Using Velocity, the email templates content can now contain references to context objects at ANY level of depth. We can also harness the power of Velocity directives directly from our email template:

	Hello $user.firstName, 

	Here's a list of your current loans:
  
        #foreach( $loan in $user.loans )
		#if( $loan.repaid )
			[dynamic email content here]
		#end
	#end

You might have noticed that we never indicate the sender or recipient of a message. This work is now pushed off on the editor of the email template itself! The recipient of the welcome message is simply $user.email. At this point the power of this system should be evident. The author/editor of an email template now has access to pretty much any business values related to the associated web event and has the freedom to navigate and format these values as desired to compose a highly dynamic email.

(3) Lastly, returning to our original three line implementation, the third and last line of code is to deliver all emails that have been generated and queued. You could write any method you like. For immediate return of control, one can write a method to pass the queue to a background delivery agent using a thread manager like Quartz, and/or deliver mail directly to a mail server using JavaMail (or a wrapper). A number of things should be considered.
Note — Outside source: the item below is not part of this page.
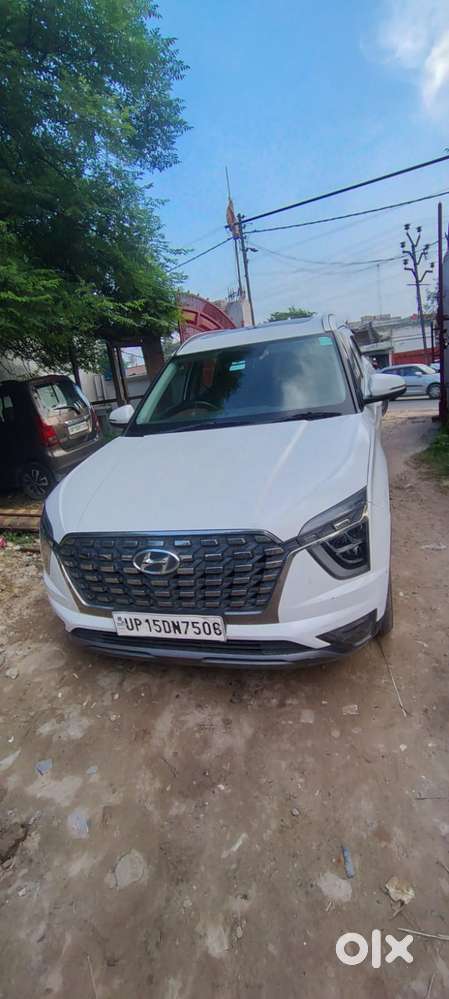 Hyundai Alcazar Signature (o) 7 Seater 1.5 Diesel At Adventure Dual ..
  • 1. If using your server's local email service (Sendmail, Postfix, etc), the percentage of emails that get caught in Spam traps will largely depend on the history of your server's IP address. Any junk email sent by this IP address in past decades can have a bearing on its current treatment by ISPs who are trying to help their customers control Spam.
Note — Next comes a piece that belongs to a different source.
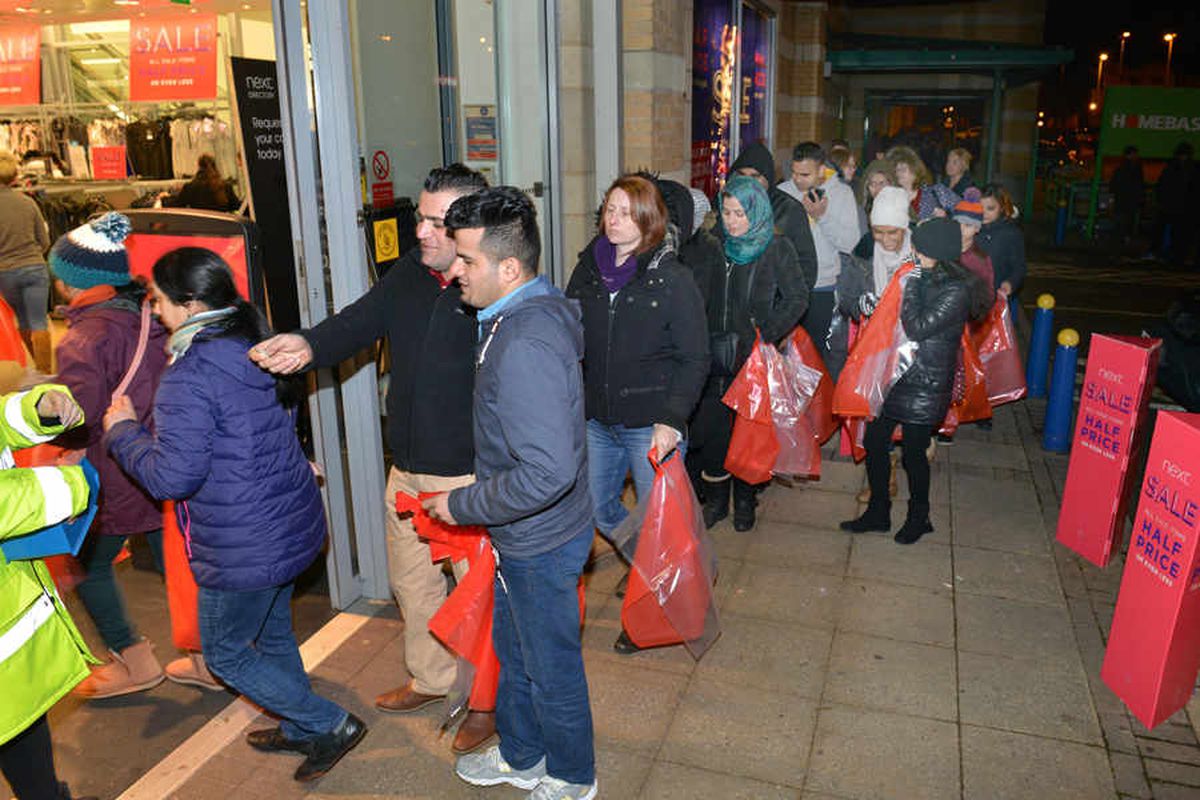 Boxing Day sales: Bargain hunters queue up from 4am for annual shopping spree - PICTURES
  • 2. Define an SPF DNS record for your domain.

  • 3. Be absolutely sure your server is accepting return/bounce messages, but is NOT accepting relay mail from the outside world.

  • 4. Ensure your delivery process is applying a correct bounce/sender address - separate from the message sender address which can change more freely based on business needs.
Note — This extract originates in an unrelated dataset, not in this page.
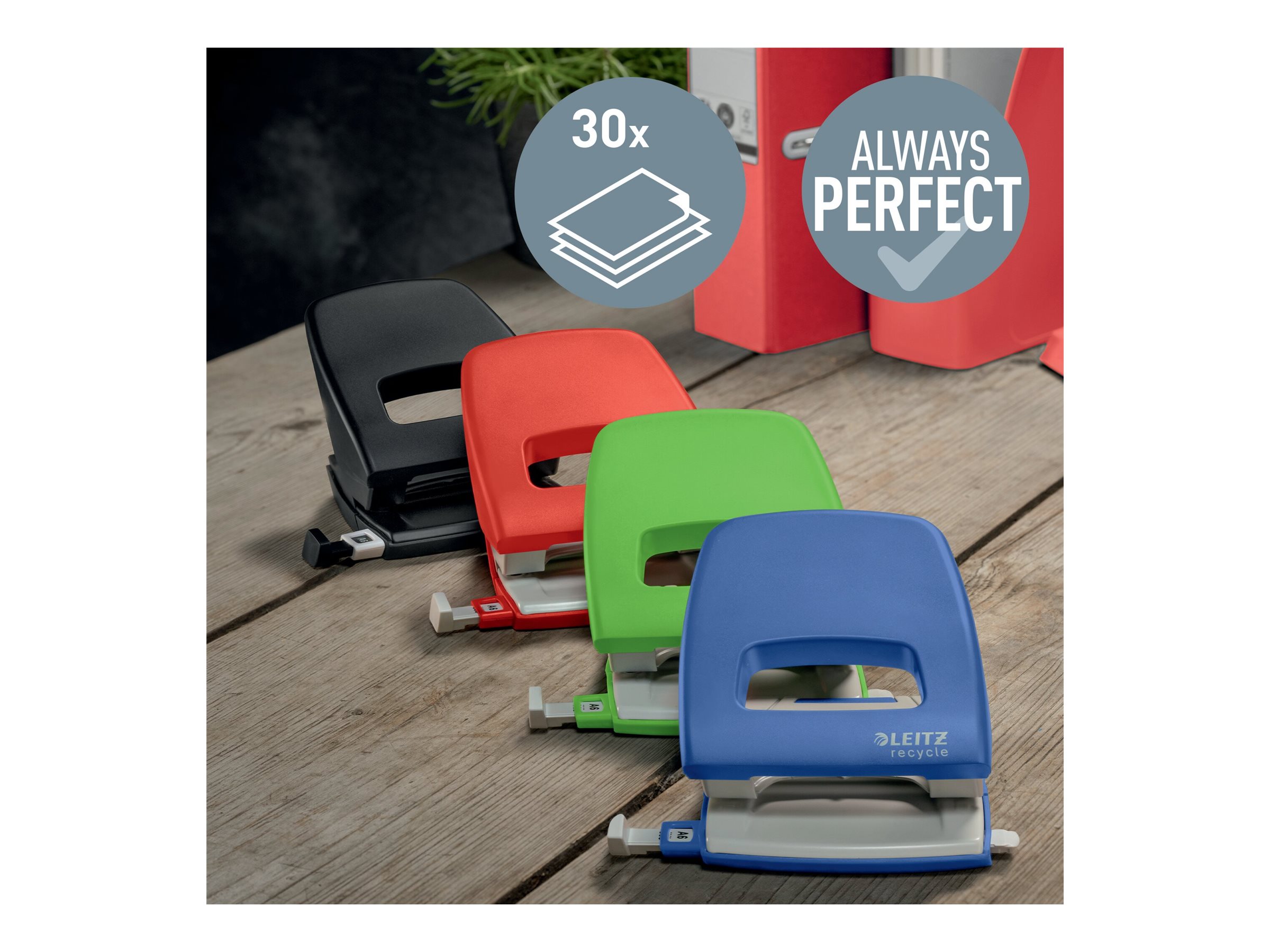 1 Perforateur Leitz Recycle 2 trous, 30 feuilles - rouge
As a builder of one of the Internet's largest outbound email systems, I can expound on the intricacies of email reliability and tracking at length. Covering the basics may be good enough for your service, but getting into opt-out management, archiving, routing and processing of return mail starts to get rather time consuming for in-house development. At a minimum, I recommend using a third party outbound email service with a good reputation (such as AuthSMTP) to carry out deliveries. Configuring your local server to forward mail to this mail transfer agent will provide performance improvement to the web application and an added layer of queuing/logging for more flexible control over the outbound mail.